Her gün yağan yağmurlarıyla, yağmur öncesi ve sonrası hiç eksilmeyen bunaltıcı
sıcağıyla, şaşkın turistlerden para kazanmak için her türlü yöntemi deneyen kurnaz
halkıyla, içip içip sarhoş olan ve başlarını belaya sokan beyaz (çoğunlukla
Ozi) turistleriyle, her yere beş kişilik bir kafileyle –anne, baba, çocuk,
büyük anne, büyük baba- giden Çinli aileleriyle, yemek yediğimiz yerlerde
bakışlarıyla turistleri kesen çoğu başka şehirlerden gelmiş fahişeleriyle,
menülerin sayfalarının diplerine küçük harflerle “%10 servis ücreti ve %10
vergi yukarıdaki fiyatlara dâhil değildir.” yazdıran lokantalarıyla, Şiva’nın
temsillerinden birisi olan erkeklik organı figürünü gazoz kapağı açacağı haline
getiren tüccar kafalı insanlarıyla, Vişnu ve Krişna temalı park yapıp
tanrıların üzerinden para kazanmaya çalışan hükümetiyle ve en çok da kayaları
döven ve dövdükçe köpüren dalgalarıyla bildik bir tatil kenti Bali. Ben şahsen
bir daha gitmem, insanları güler yüzlü ve sıcak kanlı olsalar da kat edilen
mesafeye değmeyecek gibi geliyor bana. Tabii ki Avustralya’da, Endonezya’da ya
da Singapur’da yaşıyorsanız ve içmeye, dans etmeye, geç vakitlere kadar
eğlenmeye; sabah olunca da sörf yapmaya, su kayağına binmeye, muz botların
üzerinde hoplayıp zıplamaya meraklıysanız Bali sizin için pek çok unutulmaz
ânın kapısını aralayacaktır. (Bu son cümle reklam gibi oldu. Olsun, silmeyeceğim.
Biraz da reklam olsun.)
İnternet bağlantımın hızlı olduğu bir gün resimleri de ekleyeceğim.

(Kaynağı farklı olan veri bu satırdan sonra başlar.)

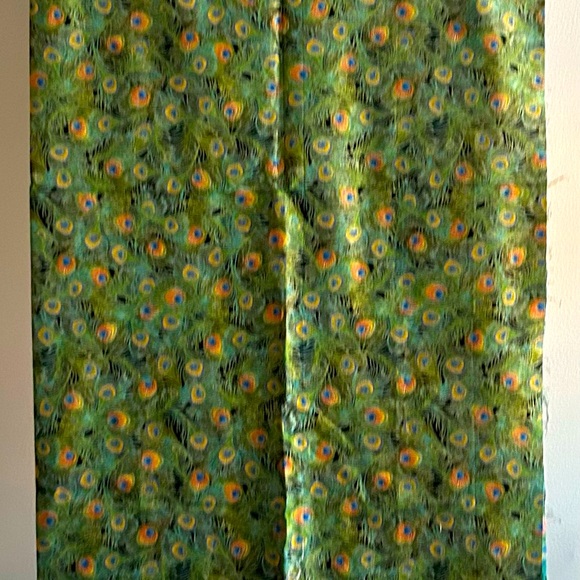 Vintage Peacocks Feather Black Green Blue Purple Shimmer Fabric Background - Picture 2 of 4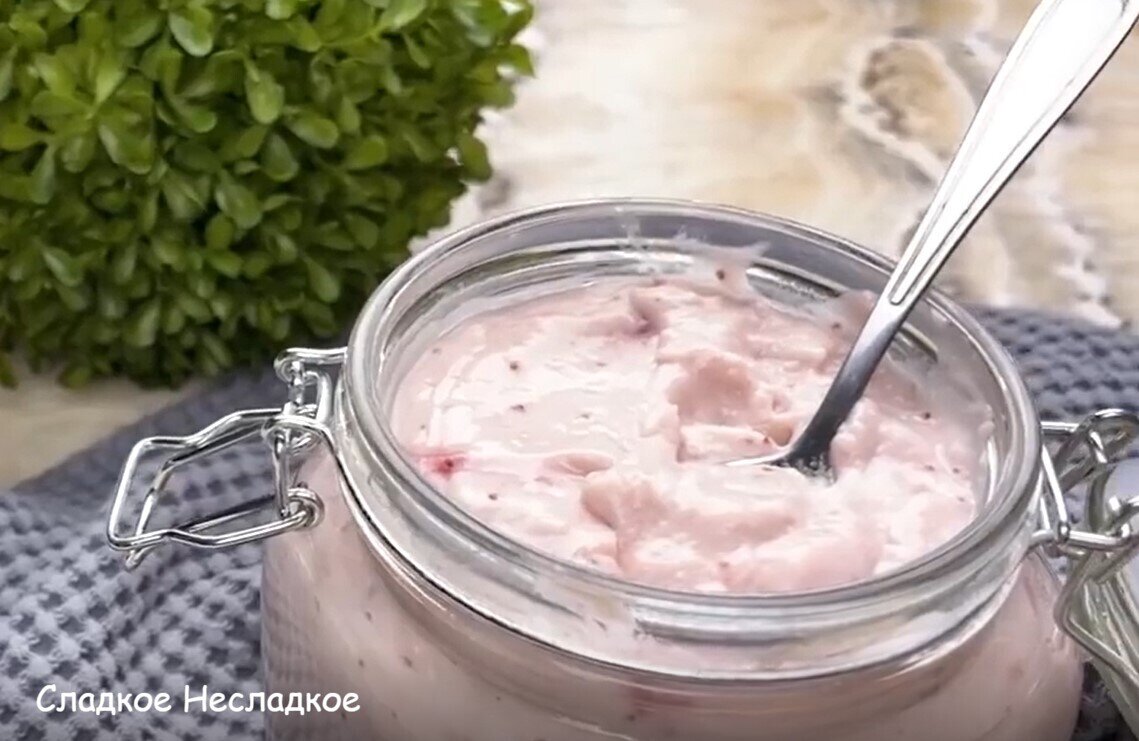 Вкусный, натуральный йогурт с клубникой
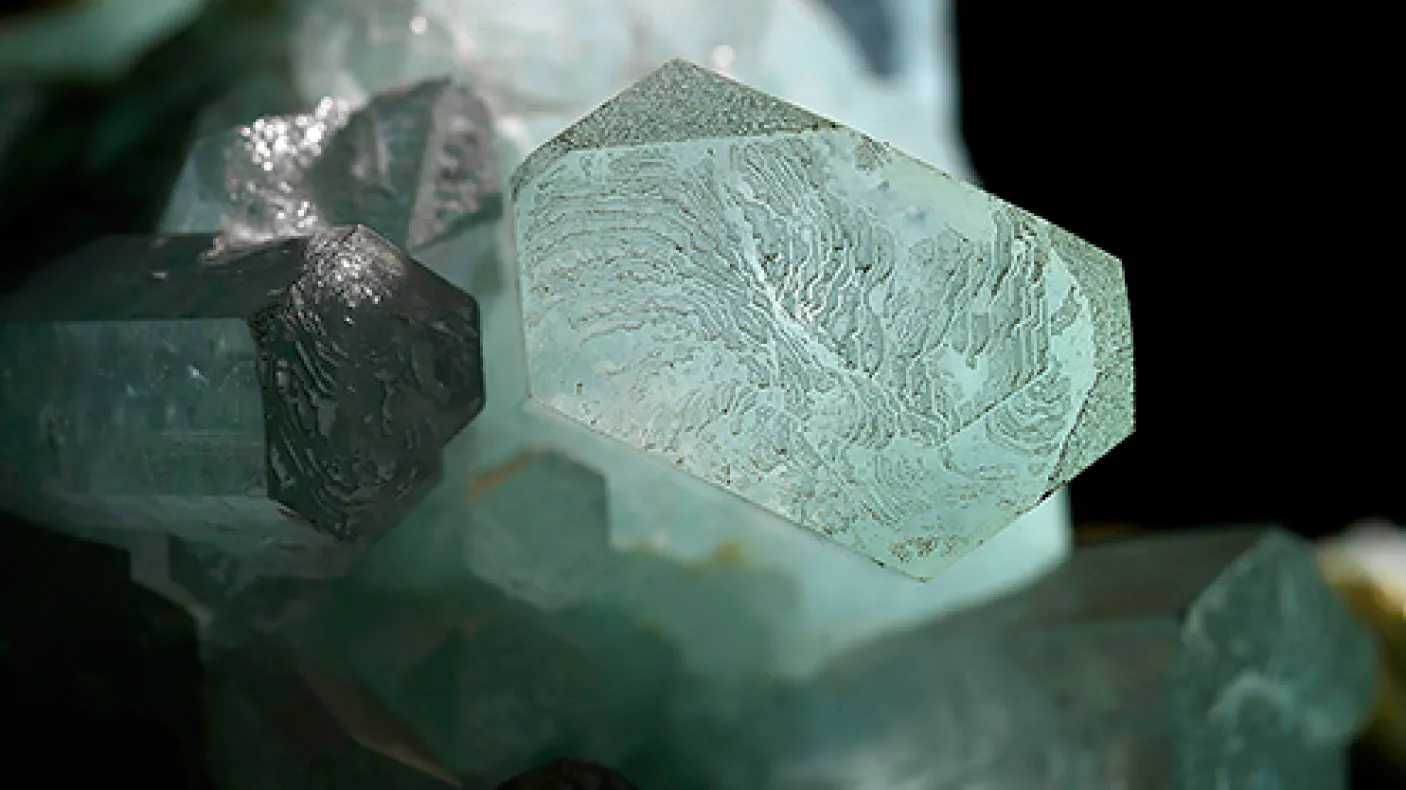 Aquamarine and Muscovite in Quartz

:D güzel bir yazıydı, gezmişsiniz ne güzel.
YanıtlaSilEvet gezdik. Hak ettiği derinlikte yazılar yazamadım Bali için. Biraz hayal kırıklığı biraz da yorgunluk sanırım. Bir gün döner, belki Bali'de geçen bir öykü karalarım. Aklıma bir şeyler gelmiş, notlar almıştım. Zamanı gelince yazılır elbet... Sen nasılsın bu arada? Yazıyor musun? Yanıtını buraya yazma, e-postayla gönder.